Joseph Cornell
Lewis Mumford wrote: “All art is a sort of hidden biography. The problem of the painter is to tell what he knows and feels in such a form that he still, as it were, keeps his secrets.”
The artist Joseph Cornell had to create his own world to keep his secrets. He lived a childhood of rich imagination and severe, polite isolation. His sister recalled an adolescent Cornell waking her in the middle of the night, “He was in the grips of a panic from the sense of infinitude and the vastness of space as he was becoming aware of it from studying astronomy.”

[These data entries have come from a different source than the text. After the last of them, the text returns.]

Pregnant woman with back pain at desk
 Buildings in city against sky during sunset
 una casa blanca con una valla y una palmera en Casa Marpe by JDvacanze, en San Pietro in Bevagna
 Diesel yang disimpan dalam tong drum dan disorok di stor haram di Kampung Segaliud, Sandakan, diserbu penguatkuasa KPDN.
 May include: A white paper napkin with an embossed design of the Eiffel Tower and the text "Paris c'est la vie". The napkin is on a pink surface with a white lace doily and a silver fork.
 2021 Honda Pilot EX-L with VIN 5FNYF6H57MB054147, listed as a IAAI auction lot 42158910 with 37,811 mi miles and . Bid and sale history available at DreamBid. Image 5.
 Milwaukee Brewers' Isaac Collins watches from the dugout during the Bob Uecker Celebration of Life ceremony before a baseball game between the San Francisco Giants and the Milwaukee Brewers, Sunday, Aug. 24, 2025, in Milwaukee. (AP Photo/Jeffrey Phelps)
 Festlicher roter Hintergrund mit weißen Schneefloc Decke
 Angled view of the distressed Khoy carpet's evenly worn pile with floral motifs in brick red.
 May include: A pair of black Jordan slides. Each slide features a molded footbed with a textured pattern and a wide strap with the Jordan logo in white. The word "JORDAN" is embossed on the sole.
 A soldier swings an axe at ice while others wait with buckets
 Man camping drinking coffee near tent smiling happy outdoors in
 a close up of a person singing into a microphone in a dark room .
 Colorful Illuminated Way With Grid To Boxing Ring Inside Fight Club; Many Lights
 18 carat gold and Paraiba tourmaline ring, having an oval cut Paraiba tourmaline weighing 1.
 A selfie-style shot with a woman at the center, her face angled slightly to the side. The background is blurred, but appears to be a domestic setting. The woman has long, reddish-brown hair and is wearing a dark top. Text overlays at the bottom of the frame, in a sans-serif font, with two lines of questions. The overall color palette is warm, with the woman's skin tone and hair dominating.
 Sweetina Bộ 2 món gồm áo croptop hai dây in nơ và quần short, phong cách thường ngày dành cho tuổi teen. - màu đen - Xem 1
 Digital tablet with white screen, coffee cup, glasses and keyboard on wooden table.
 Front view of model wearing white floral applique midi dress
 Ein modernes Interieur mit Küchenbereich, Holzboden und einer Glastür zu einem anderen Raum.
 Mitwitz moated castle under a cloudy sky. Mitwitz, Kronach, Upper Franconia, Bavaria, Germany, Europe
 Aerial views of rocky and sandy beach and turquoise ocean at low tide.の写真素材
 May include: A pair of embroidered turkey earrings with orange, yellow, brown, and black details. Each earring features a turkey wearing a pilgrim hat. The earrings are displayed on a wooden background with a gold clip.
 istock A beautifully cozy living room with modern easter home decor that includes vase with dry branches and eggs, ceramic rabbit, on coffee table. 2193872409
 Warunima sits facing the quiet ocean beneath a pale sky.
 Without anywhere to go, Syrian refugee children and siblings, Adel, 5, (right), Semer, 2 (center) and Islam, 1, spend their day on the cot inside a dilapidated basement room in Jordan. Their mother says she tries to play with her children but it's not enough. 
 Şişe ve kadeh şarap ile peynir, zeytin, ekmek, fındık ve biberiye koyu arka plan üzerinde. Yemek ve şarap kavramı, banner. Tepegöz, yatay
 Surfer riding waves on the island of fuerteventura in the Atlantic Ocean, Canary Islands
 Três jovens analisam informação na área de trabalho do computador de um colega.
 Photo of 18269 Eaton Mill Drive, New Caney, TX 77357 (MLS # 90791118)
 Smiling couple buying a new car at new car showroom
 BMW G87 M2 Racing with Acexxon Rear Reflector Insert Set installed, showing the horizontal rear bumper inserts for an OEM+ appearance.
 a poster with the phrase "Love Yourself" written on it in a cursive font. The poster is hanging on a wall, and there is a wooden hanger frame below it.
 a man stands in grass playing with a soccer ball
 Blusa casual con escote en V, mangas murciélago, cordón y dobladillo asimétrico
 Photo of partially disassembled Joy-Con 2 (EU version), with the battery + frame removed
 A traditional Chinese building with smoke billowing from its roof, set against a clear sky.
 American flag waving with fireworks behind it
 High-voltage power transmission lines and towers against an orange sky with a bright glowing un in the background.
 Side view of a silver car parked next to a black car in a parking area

As an adult, he never moved out of his mother’s house in Queens. Cornell sold textiles door-to-door in the city and turned the basement into his art studio. He took discarded bits and bobs found on his searches through Times Square bookstores and junk shops, creating shadow boxes of paper birds and soap bubbles, giving titles to his internal narratives of old hotels and lost children. When he couldn’t find appropriate boxes for his found items, he built his own, aging them until they seemed found also, they became natural containers for the collections inside. Random chance guided his searches. He would reassemble his found items like he was building poems, juxtaposing images on instinct, linking ideas for others to make their own associations.
Cornell’s collages and boxes are akin to the early stage of dream work before interpretations are applied. In his work is the unnamable, the non-chronological connections between all things -- the idea that, if there is a god of some kind, it is beyond any description. Any meaning we place on it can only be mistranslated as the shift to language changes the meaning of the images. Cornell tried to explain a world for which he had no hard evidence and no explanations.
The day he died, Joseph Cornell told his sister over the phone: “I wish I had not been so reserved.”